THE DATA:
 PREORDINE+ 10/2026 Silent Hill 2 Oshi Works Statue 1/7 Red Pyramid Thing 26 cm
--
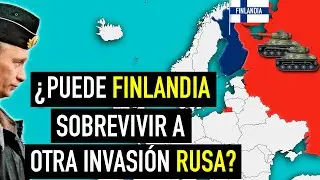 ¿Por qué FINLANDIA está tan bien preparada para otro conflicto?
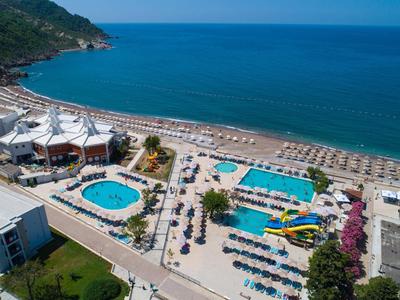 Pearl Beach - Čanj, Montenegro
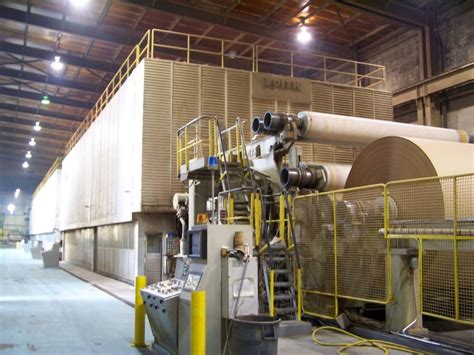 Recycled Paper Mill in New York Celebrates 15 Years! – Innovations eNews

EXERCISE BRIEF:
Only one part of the material above is wanted: the lines from the one with "para otro conflicto?" up to and including the one with "Recycled Paper Mill". Please copy them exactly, pictures left out.

ANSWER SECTION:
 ¿Por qué FINLANDIA está tan bien preparada para otro conflicto?
 Pearl Beach - Čanj, Montenegro
 Recycled Paper Mill in New York Celebrates 15 Years! – Innovations eNews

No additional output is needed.